Refresh Flow Data Using Incremental Refresh
Note: Starting in version 2020.4.1, you can now create and edit flows in Tableau Server and Tableau Cloud. The content in this topic applies to all platforms, unless specifically noted. For more information about authoring flows on the web, see Tableau Prep on the Web(Link opens in a new window) in the Tableau Server help.
Starting in Tableau Prep Builder version 2020.2.1 and on the web, you can configure your flow inputs and outputs to refresh incrementally so that only the new rows are retrieved and processed when the flow runs, saving you time and resources.
For example, if your flow includes transaction data that updates daily, you can set up incremental refresh to retrieve and process only the new transactions every day, then run a full refresh weekly or monthly to refresh all of your flow data.
Note: To run incremental refresh on flow inputs that use the Salesforce connector, you must be using Tableau Prep Builder version 2021.1.2 or later. Incremental refresh is not currently supported when writing flow outputs to Microsoft Excel or CRM Analytics.
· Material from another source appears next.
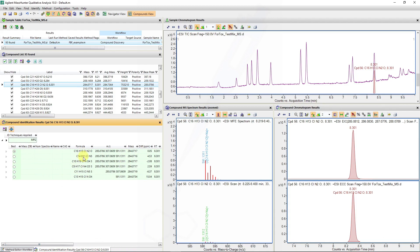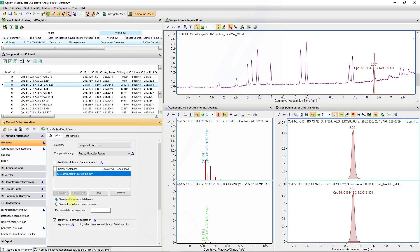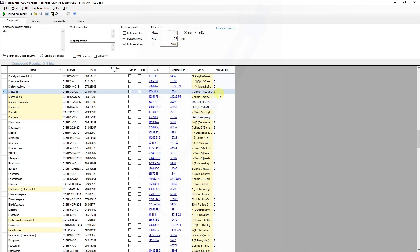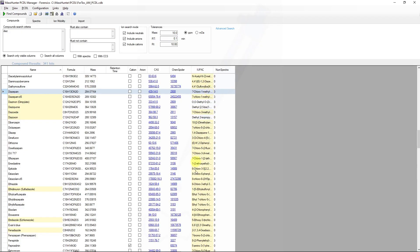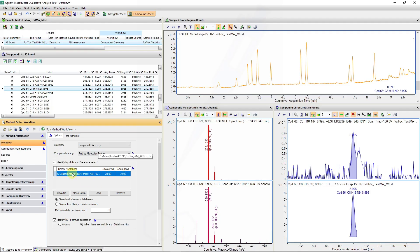The formula C16H13ClN2O corresponds to diazepam. Now we can do an additional identification using a compound library. In the PCDL manager, I can see I've got the diazepam entry with a formula. Some of this information will be used depending on whether you have MSMS data files or not, to improve the formula prediction and matching during the molecular feature extraction. I've specified my database to help with molecular feature identification, screening against our PCDL database.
To run your flow using incremental refresh, Tableau Prep needs the following information:
- The field that detects new rows in the input table.
- The field to use to compare the last processed values in the flow output with the values in the input to determine which rows are new. For more information, see Incremental refresh with Append.
- How you want to write the new data to your tables. You can either add new data to your existing tables, overwrite your table data with the new data, or starting in Tableau Prep Builder version 2020.3.1 and on the web, replace data in an existing table.
Tableau Prep enables you to select how your data is refreshed and how your tables are updated with the flow output. The following table describes the different options and their benefits.
|Refresh Combination||Data Processed||Table Update||Benefits|
|Full Refresh + Create Table||All||Create or overwrite the existing table with the full data set.||
Refresh all the data on every flow run.
|Full Refresh + Append to Table||All||Add new rows to the existing table.||Keep track of both new and existing data on every flow run. Append to table isn't available for .csv output types.|
|Full Refresh + Replace data||All||Replace rows in the existing table.||Maintain your existing table schema structure but replace all the data with every flow run.|
|Incremental Refresh + Create Table||New rows only||Create or overwrite the existing table with only the new rows.||
Create a new table with only the new rows as the complete data set.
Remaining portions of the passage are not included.